TL;DR Processwire can be looked at as a frontend to a network of pages with a semi-arbitrary selection of fields, so using a schema-less graph database instead of an RDBMS (if it can provide for all the other necessary features) would naturally mean less impedance mismatch to compensate for (that is, simpler code and easier implementation), it would allow for superior selectors (no need for intermediate PageArrays and foreach and such), and it would come with an increase in performance. Therefore, if Neo4j keeps gaining popularity and becomes more available as a choice, I believe it would be the right choice to support it as a store. In the long term. Not as a priority. Though I would love to see it tomorrow =)

 

PW is a php/(my)sql framework by nature, and that's what it will continue to be. I would love to see other projects assumidely inspired by pw but built in other systems popping up.

I understand my opinion about what's natural for PW is slightly less important than somebody else's with thousands of posts here on the forum =)
Still, let me try to challenge it.
 
I always considered PW's main strength its API and built-in admin interface, not the underlying data store. MySQL, of course, is an obvious choice considering its availability, and that one can force almost anything into an RDBMS with enough magic. However...
 
Looking at how PW uses MySQL, I wouldn't call it a SQL framework by nature. I understand the analogy was more about the ubiquity of MySQL than about a supposed inherent superiority, but I think it's interesting to have a look at why SQL is not the best fit. PW uses MySQL perfectly to do the job, but it does it in ways that go against traditional RDBMS principles; I would say it's a good sign that it's not an RDBMS problem by nature. Examples:

  • templates don't have their own tables in which they would store fields that have a 1-to-1 relationship to the PK,
  • instead, fields are always stored in key/value stores (that happen to be implemented in a certain flavor of SQL),
  • much of the querying is done using textual search in automatically populated columns that describe structural relationships, instead of key lookups,
  • it's fundamentally hierarchical, and page fields extend this structure to a full directed graph.

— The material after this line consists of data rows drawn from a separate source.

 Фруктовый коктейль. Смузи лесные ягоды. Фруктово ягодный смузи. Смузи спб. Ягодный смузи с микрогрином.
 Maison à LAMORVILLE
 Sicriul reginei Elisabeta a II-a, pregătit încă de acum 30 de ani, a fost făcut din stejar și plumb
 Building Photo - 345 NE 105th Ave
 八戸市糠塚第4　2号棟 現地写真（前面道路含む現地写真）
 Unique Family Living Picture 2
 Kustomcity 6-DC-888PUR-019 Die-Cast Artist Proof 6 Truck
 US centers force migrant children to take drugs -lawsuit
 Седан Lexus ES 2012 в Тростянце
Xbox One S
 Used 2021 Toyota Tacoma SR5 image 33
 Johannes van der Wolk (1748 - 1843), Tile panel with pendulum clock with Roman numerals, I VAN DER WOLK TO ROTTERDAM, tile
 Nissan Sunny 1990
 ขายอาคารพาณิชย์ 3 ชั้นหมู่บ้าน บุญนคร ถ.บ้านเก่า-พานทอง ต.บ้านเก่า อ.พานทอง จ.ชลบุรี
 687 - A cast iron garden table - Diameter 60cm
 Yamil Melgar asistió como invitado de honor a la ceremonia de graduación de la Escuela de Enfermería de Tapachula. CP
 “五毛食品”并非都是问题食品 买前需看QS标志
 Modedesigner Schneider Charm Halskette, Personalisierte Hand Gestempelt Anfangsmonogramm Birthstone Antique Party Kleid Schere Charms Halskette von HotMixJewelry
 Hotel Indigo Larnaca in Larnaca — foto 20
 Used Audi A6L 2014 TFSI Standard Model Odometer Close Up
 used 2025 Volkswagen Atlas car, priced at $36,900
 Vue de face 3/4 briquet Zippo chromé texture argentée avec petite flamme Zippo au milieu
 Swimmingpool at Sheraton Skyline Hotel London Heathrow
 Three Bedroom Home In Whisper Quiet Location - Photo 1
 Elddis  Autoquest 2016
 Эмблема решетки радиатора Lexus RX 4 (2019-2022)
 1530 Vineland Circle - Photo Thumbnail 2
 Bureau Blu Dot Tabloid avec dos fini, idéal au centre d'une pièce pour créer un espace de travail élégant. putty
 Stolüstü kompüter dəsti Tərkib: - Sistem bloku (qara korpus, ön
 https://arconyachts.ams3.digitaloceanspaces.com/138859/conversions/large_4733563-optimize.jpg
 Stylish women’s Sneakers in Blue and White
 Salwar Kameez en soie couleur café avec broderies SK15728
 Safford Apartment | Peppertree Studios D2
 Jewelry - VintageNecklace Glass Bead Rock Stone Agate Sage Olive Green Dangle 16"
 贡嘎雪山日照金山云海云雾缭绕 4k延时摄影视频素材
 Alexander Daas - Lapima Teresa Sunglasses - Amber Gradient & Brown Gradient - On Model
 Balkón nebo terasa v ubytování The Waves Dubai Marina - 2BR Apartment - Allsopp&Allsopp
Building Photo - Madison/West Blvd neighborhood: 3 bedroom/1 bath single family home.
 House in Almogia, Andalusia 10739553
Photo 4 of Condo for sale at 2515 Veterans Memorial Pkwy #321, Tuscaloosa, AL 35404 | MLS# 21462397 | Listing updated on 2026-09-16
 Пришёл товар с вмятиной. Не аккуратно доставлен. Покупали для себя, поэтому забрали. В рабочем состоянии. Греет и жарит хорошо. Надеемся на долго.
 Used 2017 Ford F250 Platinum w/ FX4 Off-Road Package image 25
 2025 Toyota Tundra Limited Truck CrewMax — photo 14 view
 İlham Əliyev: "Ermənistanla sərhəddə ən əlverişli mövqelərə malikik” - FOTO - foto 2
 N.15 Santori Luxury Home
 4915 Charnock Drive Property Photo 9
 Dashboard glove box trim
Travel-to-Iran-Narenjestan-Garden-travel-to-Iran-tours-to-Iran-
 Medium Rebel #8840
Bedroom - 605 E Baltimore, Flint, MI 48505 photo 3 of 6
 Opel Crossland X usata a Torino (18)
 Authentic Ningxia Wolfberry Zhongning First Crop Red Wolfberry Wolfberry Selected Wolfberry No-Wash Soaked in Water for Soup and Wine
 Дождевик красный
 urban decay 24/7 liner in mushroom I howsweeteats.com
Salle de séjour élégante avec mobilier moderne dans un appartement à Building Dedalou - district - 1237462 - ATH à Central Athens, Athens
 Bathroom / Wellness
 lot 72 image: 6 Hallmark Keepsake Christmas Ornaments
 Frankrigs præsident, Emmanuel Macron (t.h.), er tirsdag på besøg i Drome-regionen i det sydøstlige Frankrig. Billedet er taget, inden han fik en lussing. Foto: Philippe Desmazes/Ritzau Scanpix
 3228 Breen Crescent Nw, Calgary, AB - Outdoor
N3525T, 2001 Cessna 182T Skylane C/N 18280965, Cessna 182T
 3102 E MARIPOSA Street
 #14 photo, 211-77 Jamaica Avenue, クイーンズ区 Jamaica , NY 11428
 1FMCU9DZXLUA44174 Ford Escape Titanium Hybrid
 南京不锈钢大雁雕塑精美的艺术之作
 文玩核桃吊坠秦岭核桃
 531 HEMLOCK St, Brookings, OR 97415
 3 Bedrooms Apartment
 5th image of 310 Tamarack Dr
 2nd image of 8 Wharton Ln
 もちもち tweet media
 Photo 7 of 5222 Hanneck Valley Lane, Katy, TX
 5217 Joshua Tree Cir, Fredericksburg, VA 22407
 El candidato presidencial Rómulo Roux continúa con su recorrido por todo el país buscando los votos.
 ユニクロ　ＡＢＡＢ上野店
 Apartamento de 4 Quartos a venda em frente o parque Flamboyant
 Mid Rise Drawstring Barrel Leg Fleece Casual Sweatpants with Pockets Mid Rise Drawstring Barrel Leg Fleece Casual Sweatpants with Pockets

The above points summarized: Processwire is a frontend to a graph database implemented in MySQL.

MySQL is a good choice because it is available and usable, not because it (or any other kind of RDBMS) is naturally the best choice for PW.
 

[...] PW is highly optimized for MySQL, [...]

The reason I was thinking about Neo4j is exactly because there is no need for any such optimization: Neo4j is a natural fit for the PW use case "as is," so why not make one of those "other projects [...] inspired by pw" a flavor of PW itself?

  • PW selectors are trivial to implement in Neo4j because filters, as probably all other PW concepts, correspond to native Neo4j concepts and Cypher ("Neo4j SQL") statements. 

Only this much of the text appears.